Woodson attributed much of Sunday’s offensive frustration to free throws and looks he classified as good, just missed.
“You watched the same game I did,” he said. “You’ve got to make shots. We had some good looks and we just didn't knock them down. Nothing scientific about it. We moved the ball well enough to get open shots. You got to step up and make them. It's that simple.”
But right now his team looks for all the world like an outfit expecting those shots to miss.
Basketball (like any sport) is a confidence game. Teams that have it play like they’re moving mountains. Teams that don’t, well, you get the idea.
There is no getting around Indiana’s youth, nor the Hoosiers’ deficiencies. They will not become a good 3-point shooting team overnight.

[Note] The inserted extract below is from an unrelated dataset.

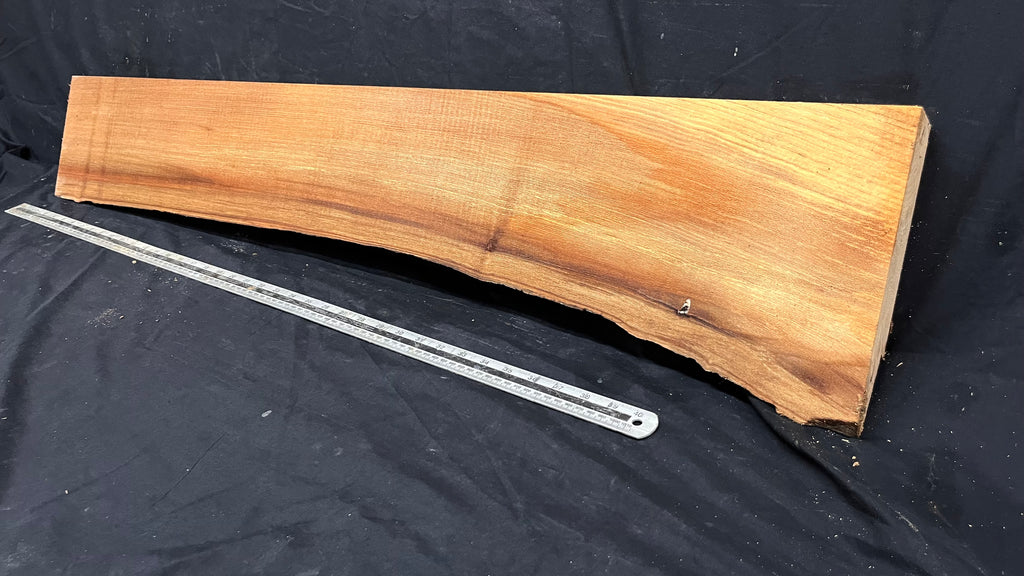 Elm mantle piece, natural edge 1142 L x 227 W x 57 D mm    (718)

Their rebounding problems aren’t going away anytime soon.
Some of what plagues this program as currently constituted will need to be sorted out in the summer.

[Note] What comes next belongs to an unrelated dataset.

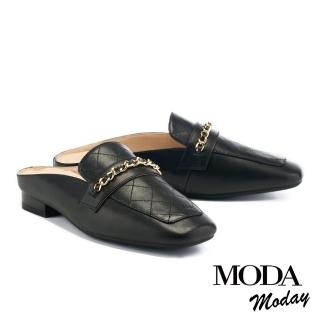 【MODA MODAY】韓系質感全真皮方頭低跟穆勒鞋(黑)
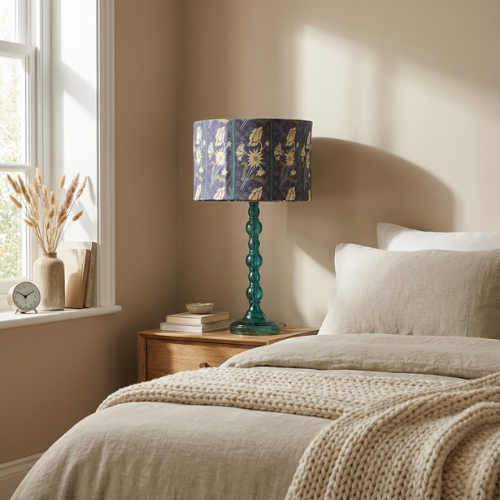 Emerald Glass Bobbin-Style Table Lamp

Trouble is, it’s seeping into the floors and walls right now. IU plays too aware of its own limitations, more cowed by them than strengthened in some collective effort to push back against them.
Woodson and his staff actually drew up an impressive game plan for Boo Buie, Northwestern’s free-scoring lead guard. The Hoosiers blitzed every Buie ball screen, Kel’el Ware defending excellently without fouling to push Buie away from the basket while the defense behind him rotated back into position.
So Northwestern coach Chris Collins flipped the point of attack, running many of the same actions through Princeton transfer Ryan Langborg on the other side of the floor. IU couldn’t flip with him. The communication and execution that held Buie to 14 points on 3-of-14 shooting collapsed trying to guard Langborg, who finished with 26 points, four made 3s and six assists.
The sign of a limited team? Yes. But it’s difficult to escape the feeling those limitations are now weighing down Indiana’s basketball, counting for double in undoing whatever good work the Hoosiers can manage.
That’s not meant to do down Northwestern. The Wildcats led for nearly 35 of Sunday’s 40 minutes and deserved to. IU battled until the game’s final possessions, but the Hoosiers’ last real threat probably fizzled five minutes into the second half. They spent the rest of the afternoon bound by their own fears, trying to outrun the long shadow of their weakness and eventually succumbing to more than just their latest opponent.